Returning To The X-Men: House Of X #5

It’s been nearly six years since I last picked up a new X-Men comic with any real consistency. The last series I read with any regularity featuring the merry mutants was Jason Aaron‘s Wolverine and the X-Men. Which apparently ended around six years ago. It’s fair to say that I’m a little out of touch with that side of the Marvel Universe (though I have been following both Old Man Logan and Dead Man Logan, but those series didn’t really involve the X-Men as much as a team book would). More than a little, honestly. A lot has happened in the six years I’ve been away, and since I barely pay attention to solicitations I have missed most of it.

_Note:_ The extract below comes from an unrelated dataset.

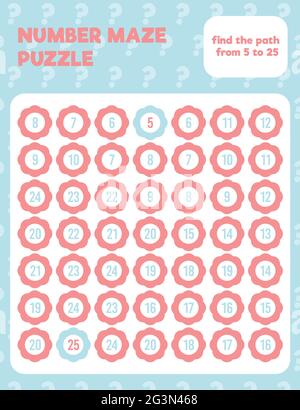 Math number maze puzzle. Prinatble math worksheet page. Easy colorful math worksheet practice for kids in preschool, elementary and middle school. Stock Vector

But with Johnathan Hickman steering the X-Men in a new direction with both House and Powers Of X, I thought this might be a good time to start reading X-Men comics again.

But how easy is it to jump back in relatively blind after more than half a decade away?


Expect spoilers as I try to make sense of the comic.


Well House Of X #4 was… well let’s just say it had some finality to it. Especially for a certain group of mutants. After the heavy death toll last issue, I was curious how Hickman was going to reverse the body count; especially with said mutants being featured in October’s relaunch of the X-Books, you knew the deaths wouldn’t stick. I wasn’t expecting to see the solution revealed in House Of X #5.

I’ve been really enjoying the House/Powers Of X event thus far, it has been an interesting reintroduction to the X-Men for me, and is an event that isn’t using huge set piece fight scenes to sell comics. No, the appeal of this event for me is that we’re getting a a story that’s going to reframe how we look at the X-Men in the Marvel Universe, an event that is more of a beginning than a culmination of several years worth of preplanning and build up.

It is perhaps the most accessible event Marvel have had in years.

But despite the eight issues we’ve had so far, I’m still not overly sure how happy I am with this comic as a whole.

The solution to the death of an entire team of X-Men last issue feels… strangely cheap. It removes the value of their sacrifice, and even with Xavier’s “a piece of me dies each time you do” line to the newly resurrected Cyclops, the resurrection process really removes almost any threat of death to the mutants going forward.

Because whenever they die, a team of mutants can just regrow a clone body for Xavier to imprint a copy of said mutant’s mind into. Which gives the term comic book death an entirely new meaning. It also makes every mutant functionally immortal.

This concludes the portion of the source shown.